*** Opening of Input for this task ***

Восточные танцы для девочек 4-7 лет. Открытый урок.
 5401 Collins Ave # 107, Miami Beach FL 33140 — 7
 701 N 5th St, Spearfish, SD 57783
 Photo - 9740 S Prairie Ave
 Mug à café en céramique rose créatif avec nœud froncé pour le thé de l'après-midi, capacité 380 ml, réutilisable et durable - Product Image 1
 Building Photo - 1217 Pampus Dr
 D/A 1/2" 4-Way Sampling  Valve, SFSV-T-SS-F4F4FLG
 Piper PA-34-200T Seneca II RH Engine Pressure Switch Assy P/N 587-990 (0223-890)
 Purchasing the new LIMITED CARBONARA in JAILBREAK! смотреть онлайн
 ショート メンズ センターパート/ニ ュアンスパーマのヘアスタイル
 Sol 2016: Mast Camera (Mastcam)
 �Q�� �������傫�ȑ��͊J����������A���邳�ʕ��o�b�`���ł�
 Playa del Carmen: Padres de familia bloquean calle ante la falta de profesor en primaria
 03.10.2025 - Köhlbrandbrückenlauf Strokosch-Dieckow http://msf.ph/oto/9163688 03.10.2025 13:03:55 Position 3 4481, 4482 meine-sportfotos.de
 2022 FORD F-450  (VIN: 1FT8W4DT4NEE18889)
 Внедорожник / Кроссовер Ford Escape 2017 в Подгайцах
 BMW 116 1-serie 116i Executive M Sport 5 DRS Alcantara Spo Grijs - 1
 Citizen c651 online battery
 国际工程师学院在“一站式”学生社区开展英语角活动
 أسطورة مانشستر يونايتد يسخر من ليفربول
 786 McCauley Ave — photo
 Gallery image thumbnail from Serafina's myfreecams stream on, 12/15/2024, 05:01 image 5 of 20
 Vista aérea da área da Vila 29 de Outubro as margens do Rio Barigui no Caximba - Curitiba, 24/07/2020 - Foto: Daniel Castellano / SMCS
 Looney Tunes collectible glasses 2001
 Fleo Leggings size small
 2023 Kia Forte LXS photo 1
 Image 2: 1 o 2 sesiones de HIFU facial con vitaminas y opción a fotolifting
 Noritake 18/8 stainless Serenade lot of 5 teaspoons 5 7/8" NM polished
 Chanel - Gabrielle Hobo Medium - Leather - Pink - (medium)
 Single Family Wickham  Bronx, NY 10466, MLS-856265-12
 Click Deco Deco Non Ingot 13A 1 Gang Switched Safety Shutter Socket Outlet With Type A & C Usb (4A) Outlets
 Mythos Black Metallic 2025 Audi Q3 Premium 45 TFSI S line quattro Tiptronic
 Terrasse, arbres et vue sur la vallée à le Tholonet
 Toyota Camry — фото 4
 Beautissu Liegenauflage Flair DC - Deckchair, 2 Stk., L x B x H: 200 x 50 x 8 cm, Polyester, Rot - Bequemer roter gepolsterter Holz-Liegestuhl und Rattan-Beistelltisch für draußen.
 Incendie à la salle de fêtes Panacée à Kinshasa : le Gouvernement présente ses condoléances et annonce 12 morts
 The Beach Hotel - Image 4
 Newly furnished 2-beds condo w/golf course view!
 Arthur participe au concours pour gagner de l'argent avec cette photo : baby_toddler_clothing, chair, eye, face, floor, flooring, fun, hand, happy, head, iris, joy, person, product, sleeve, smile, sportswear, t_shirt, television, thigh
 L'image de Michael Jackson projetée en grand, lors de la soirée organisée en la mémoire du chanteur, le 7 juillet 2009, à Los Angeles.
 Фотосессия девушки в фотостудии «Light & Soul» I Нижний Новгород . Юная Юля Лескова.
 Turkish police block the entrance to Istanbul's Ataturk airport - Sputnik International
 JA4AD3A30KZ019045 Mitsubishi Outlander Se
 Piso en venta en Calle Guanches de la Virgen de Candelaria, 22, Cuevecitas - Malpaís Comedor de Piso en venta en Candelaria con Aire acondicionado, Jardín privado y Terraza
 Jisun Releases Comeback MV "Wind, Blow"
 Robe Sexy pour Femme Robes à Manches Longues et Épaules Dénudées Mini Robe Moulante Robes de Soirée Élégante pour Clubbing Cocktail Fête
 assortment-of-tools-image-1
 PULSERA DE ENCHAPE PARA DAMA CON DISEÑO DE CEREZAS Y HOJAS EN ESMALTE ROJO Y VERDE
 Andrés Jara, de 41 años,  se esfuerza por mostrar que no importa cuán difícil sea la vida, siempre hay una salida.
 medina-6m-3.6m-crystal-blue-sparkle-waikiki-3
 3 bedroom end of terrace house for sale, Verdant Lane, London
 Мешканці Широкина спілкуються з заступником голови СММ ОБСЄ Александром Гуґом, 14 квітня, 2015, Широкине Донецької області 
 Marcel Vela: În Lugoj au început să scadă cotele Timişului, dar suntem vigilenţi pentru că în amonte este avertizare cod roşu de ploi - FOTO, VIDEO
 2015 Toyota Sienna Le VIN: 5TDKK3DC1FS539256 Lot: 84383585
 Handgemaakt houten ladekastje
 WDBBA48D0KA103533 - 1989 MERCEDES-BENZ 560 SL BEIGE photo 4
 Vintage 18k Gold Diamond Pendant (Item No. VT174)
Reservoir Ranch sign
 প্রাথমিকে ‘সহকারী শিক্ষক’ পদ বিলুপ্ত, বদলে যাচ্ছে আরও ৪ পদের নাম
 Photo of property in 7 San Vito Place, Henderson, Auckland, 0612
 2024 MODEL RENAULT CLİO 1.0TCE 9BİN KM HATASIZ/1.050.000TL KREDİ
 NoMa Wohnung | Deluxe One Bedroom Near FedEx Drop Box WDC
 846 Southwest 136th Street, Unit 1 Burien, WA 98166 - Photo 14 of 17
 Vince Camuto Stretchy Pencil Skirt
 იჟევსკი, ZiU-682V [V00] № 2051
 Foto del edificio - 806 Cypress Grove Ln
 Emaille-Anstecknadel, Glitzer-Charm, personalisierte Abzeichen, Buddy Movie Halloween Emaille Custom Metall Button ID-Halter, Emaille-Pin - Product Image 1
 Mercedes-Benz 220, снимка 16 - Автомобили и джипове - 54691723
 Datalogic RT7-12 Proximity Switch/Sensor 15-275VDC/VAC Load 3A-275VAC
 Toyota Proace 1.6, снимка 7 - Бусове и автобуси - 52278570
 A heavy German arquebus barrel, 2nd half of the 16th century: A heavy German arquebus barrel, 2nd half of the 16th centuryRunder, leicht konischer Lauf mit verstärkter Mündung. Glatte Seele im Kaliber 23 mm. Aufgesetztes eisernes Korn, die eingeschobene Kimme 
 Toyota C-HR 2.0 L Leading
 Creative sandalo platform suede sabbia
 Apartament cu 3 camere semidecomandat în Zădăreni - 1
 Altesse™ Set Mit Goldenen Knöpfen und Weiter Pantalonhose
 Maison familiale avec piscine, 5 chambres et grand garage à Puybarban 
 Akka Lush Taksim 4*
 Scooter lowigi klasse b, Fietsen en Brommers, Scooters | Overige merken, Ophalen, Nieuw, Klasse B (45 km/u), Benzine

*** Close of Input for this task ***

Problem details - Could you transcribe all of the entries exactly, leaving nothing out?

Exercise response -
Восточные танцы для девочек 4-7 лет. Открытый урок.
 5401 Collins Ave # 107, Miami Beach FL 33140 — 7
 701 N 5th St, Spearfish, SD 57783
 Photo - 9740 S Prairie Ave
 Mug à café en céramique rose créatif avec nœud froncé pour le thé de l'après-midi, capacité 380 ml, réutilisable et durable - Product Image 1
 Building Photo - 1217 Pampus Dr
 D/A 1/2" 4-Way Sampling  Valve, SFSV-T-SS-F4F4FLG
 Piper PA-34-200T Seneca II RH Engine Pressure Switch Assy P/N 587-990 (0223-890)
 Purchasing the new LIMITED CARBONARA in JAILBREAK! смотреть онлайн
 ショート メンズ センターパート/ニ ュアンスパーマのヘアスタイル
 Sol 2016: Mast Camera (Mastcam)
 �Q�� �������傫�ȑ��͊J����������A���邳�ʕ��o�b�`���ł�
 Playa del Carmen: Padres de familia bloquean calle ante la falta de profesor en primaria
 03.10.2025 - Köhlbrandbrückenlauf Strokosch-Dieckow http://msf.ph/oto/9163688 03.10.2025 13:03:55 Position 3 4481, 4482 meine-sportfotos.de
 2022 FORD F-450  (VIN: 1FT8W4DT4NEE18889)
 Внедорожник / Кроссовер Ford Escape 2017 в Подгайцах
 BMW 116 1-serie 116i Executive M Sport 5 DRS Alcantara Spo Grijs - 1
 Citizen c651 online battery
 国际工程师学院在“一站式”学生社区开展英语角活动
 أسطورة مانشستر يونايتد يسخر من ليفربول
 786 McCauley Ave — photo
 Gallery image thumbnail from Serafina's myfreecams stream on, 12/15/2024, 05:01 image 5 of 20
 Vista aérea da área da Vila 29 de Outubro as margens do Rio Barigui no Caximba - Curitiba, 24/07/2020 - Foto: Daniel Castellano / SMCS
 Looney Tunes collectible glasses 2001
 Fleo Leggings size small
 2023 Kia Forte LXS photo 1
 Image 2: 1 o 2 sesiones de HIFU facial con vitaminas y opción a fotolifting
 Noritake 18/8 stainless Serenade lot of 5 teaspoons 5 7/8" NM polished
 Chanel - Gabrielle Hobo Medium - Leather - Pink - (medium)
 Single Family Wickham  Bronx, NY 10466, MLS-856265-12
 Click Deco Deco Non Ingot 13A 1 Gang Switched Safety Shutter Socket Outlet With Type A & C Usb (4A) Outlets
 Mythos Black Metallic 2025 Audi Q3 Premium 45 TFSI S line quattro Tiptronic
 Terrasse, arbres et vue sur la vallée à le Tholonet
 Toyota Camry — фото 4
 Beautissu Liegenauflage Flair DC - Deckchair, 2 Stk., L x B x H: 200 x 50 x 8 cm, Polyester, Rot - Bequemer roter gepolsterter Holz-Liegestuhl und Rattan-Beistelltisch für draußen.
 Incendie à la salle de fêtes Panacée à Kinshasa : le Gouvernement présente ses condoléances et annonce 12 morts
 The Beach Hotel - Image 4
 Newly furnished 2-beds condo w/golf course view!
 Arthur participe au concours pour gagner de l'argent avec cette photo : baby_toddler_clothing, chair, eye, face, floor, flooring, fun, hand, happy, head, iris, joy, person, product, sleeve, smile, sportswear, t_shirt, television, thigh
 L'image de Michael Jackson projetée en grand, lors de la soirée organisée en la mémoire du chanteur, le 7 juillet 2009, à Los Angeles.
 Фотосессия девушки в фотостудии «Light & Soul» I Нижний Новгород . Юная Юля Лескова.
 Turkish police block the entrance to Istanbul's Ataturk airport - Sputnik International
 JA4AD3A30KZ019045 Mitsubishi Outlander Se
 Piso en venta en Calle Guanches de la Virgen de Candelaria, 22, Cuevecitas - Malpaís Comedor de Piso en venta en Candelaria con Aire acondicionado, Jardín privado y Terraza
 Jisun Releases Comeback MV "Wind, Blow"
 Robe Sexy pour Femme Robes à Manches Longues et Épaules Dénudées Mini Robe Moulante Robes de Soirée Élégante pour Clubbing Cocktail Fête
 assortment-of-tools-image-1
 PULSERA DE ENCHAPE PARA DAMA CON DISEÑO DE CEREZAS Y HOJAS EN ESMALTE ROJO Y VERDE
 Andrés Jara, de 41 años,  se esfuerza por mostrar que no importa cuán difícil sea la vida, siempre hay una salida.
 medina-6m-3.6m-crystal-blue-sparkle-waikiki-3
 3 bedroom end of terrace house for sale, Verdant Lane, London
 Мешканці Широкина спілкуються з заступником голови СММ ОБСЄ Александром Гуґом, 14 квітня, 2015, Широкине Донецької області 
 Marcel Vela: În Lugoj au început să scadă cotele Timişului, dar suntem vigilenţi pentru că în amonte este avertizare cod roşu de ploi - FOTO, VIDEO
 2015 Toyota Sienna Le VIN: 5TDKK3DC1FS539256 Lot: 84383585
 Handgemaakt houten ladekastje
 WDBBA48D0KA103533 - 1989 MERCEDES-BENZ 560 SL BEIGE photo 4
 Vintage 18k Gold Diamond Pendant (Item No. VT174)
Reservoir Ranch sign
 প্রাথমিকে ‘সহকারী শিক্ষক’ পদ বিলুপ্ত, বদলে যাচ্ছে আরও ৪ পদের নাম
 Photo of property in 7 San Vito Place, Henderson, Auckland, 0612
 2024 MODEL RENAULT CLİO 1.0TCE 9BİN KM HATASIZ/1.050.000TL KREDİ
 NoMa Wohnung | Deluxe One Bedroom Near FedEx Drop Box WDC
 846 Southwest 136th Street, Unit 1 Burien, WA 98166 - Photo 14 of 17
 Vince Camuto Stretchy Pencil Skirt
 იჟევსკი, ZiU-682V [V00] № 2051
 Foto del edificio - 806 Cypress Grove Ln
 Emaille-Anstecknadel, Glitzer-Charm, personalisierte Abzeichen, Buddy Movie Halloween Emaille Custom Metall Button ID-Halter, Emaille-Pin - Product Image 1
 Mercedes-Benz 220, снимка 16 - Автомобили и джипове - 54691723
 Datalogic RT7-12 Proximity Switch/Sensor 15-275VDC/VAC Load 3A-275VAC
 Toyota Proace 1.6, снимка 7 - Бусове и автобуси - 52278570
 A heavy German arquebus barrel, 2nd half of the 16th century: A heavy German arquebus barrel, 2nd half of the 16th centuryRunder, leicht konischer Lauf mit verstärkter Mündung. Glatte Seele im Kaliber 23 mm. Aufgesetztes eisernes Korn, die eingeschobene Kimme 
 Toyota C-HR 2.0 L Leading
 Creative sandalo platform suede sabbia
 Apartament cu 3 camere semidecomandat în Zădăreni - 1
 Altesse™ Set Mit Goldenen Knöpfen und Weiter Pantalonhose
 Maison familiale avec piscine, 5 chambres et grand garage à Puybarban 
 Akka Lush Taksim 4*
 Scooter lowigi klasse b, Fietsen en Brommers, Scooters | Overige merken, Ophalen, Nieuw, Klasse B (45 km/u), Benzine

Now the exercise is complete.